We have two battle groups, each composed of four squadrons of Skirmishers. Eight squadrons, seven ships each. Fifty-six Skirmishers total to defend Spindle, assuming Frakes can get her tight little ass into the fight.
Firepower-to-cost ratio be damned, it isn’t enough.
But Shae is on the station. Jaycee and Fiona are on the station.
It’ll have to be enough.
I’ve got eyes on the battle through the Skirmisher’s mesh, which is feeding my DCI in ones and zeroes. The math is translated and passed to my visual cortex as a virtual image of the reality taking place beyond the hull. The quality of the image ranges up and down based on the quantity of inputs because the system insists on keeping reaction times at fifty milliseconds or less. It’s a speed no human could handle for any length of time on their own, but space is a big place, and everything in it happens either real-real-slow or too-damn-fast.
We’re streaking across the black at full throttle, the ion thrusters flaring out in blue energy behind us like the tail of a comet. The DCI translation doesn’t show the contrails of the other Skirmishers forming around me. It only bothers with basic geometries for friendlies to keep the bandwidth clean. But I’m aware of my brothers and sisters above, below and on my flanks. They’re spread out to prevent a heavy plasma cannon or a torpedo from taking out the whole squadron in one shot. I know their velocity, distance, acceleration, weapons readiness, shield strength, reactor strength and even the pilots’ heart rates. And I don’t have to do anything special to know it. The DCI feeds me the data and lets me multi-thread it subconsciously. The age and experience of my Lucier makes the process even more efficient. The AI is trained to understand what I want and need better than I do.

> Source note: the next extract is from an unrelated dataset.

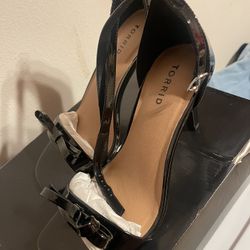 Women's Size 10Wide Black Heels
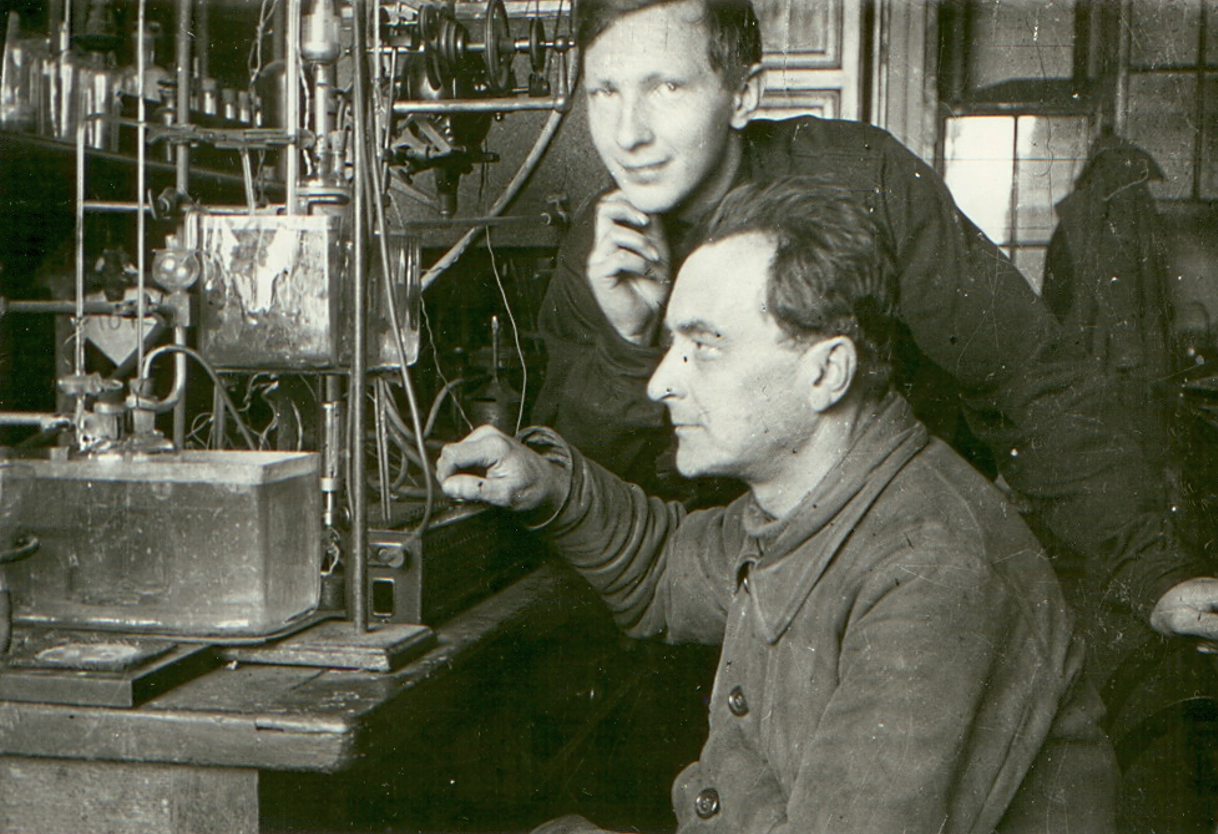 Н.А. Шилов и М.М.Дубинин в лаборатории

The military tried to go completely AI. In the beginning, it seemed as if it was the future of warfare, especially as humankind spread among the stars. There is a lot an AI can do, but also a lot we decided it shouldn’t do. The nascent fear of the Singularity never left the minds of the people who developed the tech. And the singularity did come. It just wasn’t what anyone expected. Maybe it was because of that fear. Maybe it was just the nature of things for order to grow from chaos.
Whatever it was, while it was easy to make a case for drones and robots duking it out on battlefields to preserve human life, the singularity made that impossible. Spontaneous order. The dynamic becoming static. Battles consistently ending in a tie. The human mind is random and can’t preconceive as much as an AI, which means it can’t react and counter predictably. A few thousand years and it’s still the perfect weapon.

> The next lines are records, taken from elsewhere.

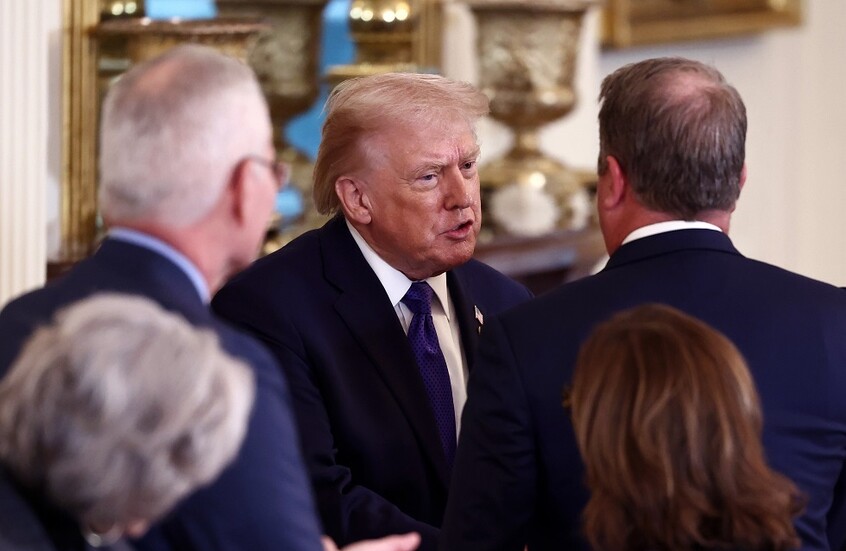 "نيويورك تايمز": ترامب يدرس بجدية الموافقة على شن هجوم على إيران بعد إطلاعه على الخيارات المحتملة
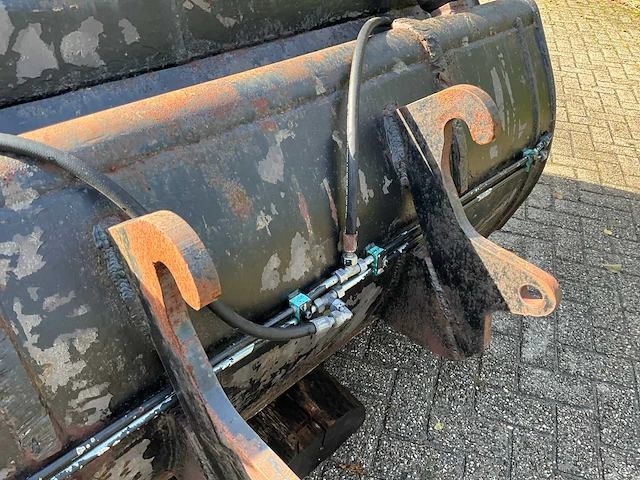 Hydraulische hoogkiepbak - afbeelding 4 van  15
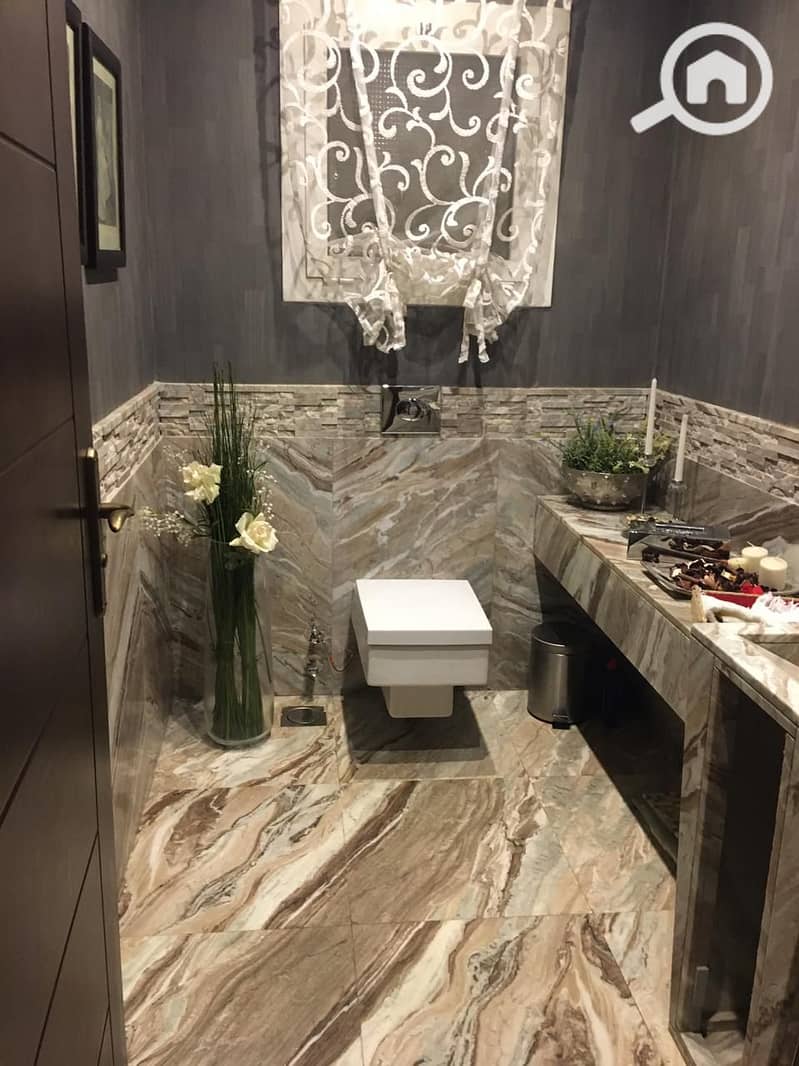 2 67c82bd1-2183-4e7d-a792-1e75fdd95444. jpg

I’ve got the entire layout of the battlefield in my head. I don’t see it visually, but thanks to the DCI, I understand it. Twenty seconds have passed, and I know the other squadrons are all taking as direct a route as possible toward the raiding fleet, each of us closing from different vectors in three-dimensional space.

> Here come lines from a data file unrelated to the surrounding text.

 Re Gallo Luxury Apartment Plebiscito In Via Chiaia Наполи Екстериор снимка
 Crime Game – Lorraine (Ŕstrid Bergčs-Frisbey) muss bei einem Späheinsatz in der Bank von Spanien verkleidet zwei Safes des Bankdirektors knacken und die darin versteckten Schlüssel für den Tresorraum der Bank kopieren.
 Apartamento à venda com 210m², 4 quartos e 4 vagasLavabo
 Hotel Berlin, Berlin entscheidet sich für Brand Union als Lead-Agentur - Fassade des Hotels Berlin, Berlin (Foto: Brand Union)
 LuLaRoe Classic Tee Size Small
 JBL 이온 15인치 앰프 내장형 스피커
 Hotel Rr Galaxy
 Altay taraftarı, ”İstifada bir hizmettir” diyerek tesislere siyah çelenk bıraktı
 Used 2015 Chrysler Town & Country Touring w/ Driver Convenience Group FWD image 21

Frakes is still MIA, her squadron launching without her. The other three squadrons in the second battle group are already out of the gate and lining up to defend Spindle, taking a more two-dimensional approach to the fight, at least for the initial volley. The Skirmisher’s shields are substantial in relation to their class, and they should be able to take the first hit without collapsing, buying us an extra few seconds to reach the scene.
Sure, we can start firing from this range—this is space after all—but their capital ship’s point defense would shoot down any of our torpedoes long before they could get close, and plasma would take forever to get through the shields of larger ships like the carrier and the destroyers. The cannons are a secondary weapon, better against starfighters and ships like mine. It’s smarter to close the distance to effective range. It’s better to be sure that when we shoot we’ve got a good chance to kill.